Treatment with an inhibitor of TGF-Î² led to significant reductions in a prespecified biomarker that correlated with increased TTP and OS in patients with advanced HCC, according to results of a phase II clinical trial.
Micrograph of HCC
Treatment with an inhibitor of transforming growth factor-beta (TGF-β) led to significant reductions in a prespecified biomarker that correlated with increased time to progression (TTP) and overall survival (OS) in patients with advanced hepatocellular carcinoma (HCC), according to results of a phase II clinical trial.
Patients who met criteria for an alpha-fetoprotein (AFP) response had a median TTP exceeding 4 months and an OS approaching 2 years. In contrast, lack of AFP response was associated with median TTP and OS of one third to one fourth that of responders, according to Sandrine J. Faivre, MD, PhD, at the 2014 Gastrointestinal Cancers Symposium.
“Inhibition of TGF-β 1 receptor by LY2157299 was associated with pharmacodynamic effects, result in decreased AFP, decreased TGF-β 1, and [decreased] E-cadherin serum levels,” said Faivre, a medical oncologist at Hôpital Beaujon in Clichy, France. “Patients with an AFP biomarker response display longer time to progression and overall survival as compared with AFP nonresponders. Clinical evaluation of LY2157299 is continuing.”
Transforming growth factor-beta signaling is associated with progression in HCC and induction of epithelial-mesenchymal transition cells, cancer stem cells, and T-regulatory cells. Additionally, serum TGF-β levels are associated with high levels of AFP, and increased AFP expression correlates with stem cell biology and induction of T-regulatory cells in HCC.
Inhibition of TGF-β signaling in HCC has the potential to interfere with proliferation, invasion, metastasis, and migration/progression.
LY2157299 selectively inhibits TGF- β receptor 1 and has demonstrated antitumor activity in various models of HCC, according to Faivre. The kinase inhibitor has demonstrated a favorable toxicity profile in clinical studies involving patients with glioma.
Cumulatively, the preclinical and clinical data provided a rationale to evaluate LY2157299 in advanced HCC. A phase II trial was conducted to examine the activity of two doses of the TGF-β inhibitor in patients whose HCC had progressed on sorafenib or who were considered ineligible for sorafenib and elevated AFP (in a population enriched with activated TGF-β signaling).
The trial's primary endpoint was investigator-assessed TTP; effects of LY2157299 on AFP, TGF-β 1, and E-cadherin; and identification of a patient population that would derive the most benefit from treatment with LY2157299.
Investigators in the trial enrolled patients with Child-Pugh stage A or B7 HCC, AFP at least 1.5 times the upper limit of normal as assessed by a central laboratory, ECOG performance status of 1 or less, and progression on sorafenib (or ineligible for sorafenib).
Eligible patients were randomized to two doses of LY2157299 (160 mg or 300 mg/day). After a second prespecified interim analysis, investigators selected the higher dose for continued evaluation of LY2157299. Investigators treated a total of 109 patients, 72 of whom received the 300-mg/day dose.
Baseline characteristics of patients treated with the two doses did not differ with respect to hepatitis C (HCV) infection, HBV infection, nonalcoholic steatohepatitis, alcohol use, hemochromatosis, or prior sorafenib treatment.
Overall, LY2157299 was well tolerated: 7 patients treated with 160 mg/day had grade 3-4 adverse events versus 12 patients treated with the higher dose. Analysis of biomarker response data showed that a total of 24 patients met the definition of AFP response (>20% reduction from baseline). Additionally, 53% of patients had a greater than 20% reduction in TGF-β1, including 18 of the 25 patients who had AFP responses.

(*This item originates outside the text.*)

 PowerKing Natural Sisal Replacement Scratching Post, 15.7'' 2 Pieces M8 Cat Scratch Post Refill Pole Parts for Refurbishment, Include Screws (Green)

All treated patients, irrespective of dose, had a mean TTP of 2.8 months and OS of 8.3 months. A separate analysis of TTP and survival by dose of LY2157299 showed similar results.
Analysis of outcomes by AFP response showed that the 25 patients who had greater than 20% reduction from baseline had a median TTP of 4.3 months compared with 1.5 months for nonresponders. Median OS was 21.4 months with AFP response and 6.8 months without. Baseline AFP (at least 200 ng/mL or less than 200 ng/mL) did not influence TTP or OS.
Faivre S, Santoro A, Kelley RK, et al. A Phase 2 Study of Novel Transforming Growth Factor-beta (TGF-β) Receptor 1 Kinase Inhibitor, LY2157299 Monohydrate in Patients With Advanced Hepatocellular Carcinoma (HCC). Presented at: 2014 Gastrointestinal Cancers Symposium; January 16-18, 2014; San Francisco, CA.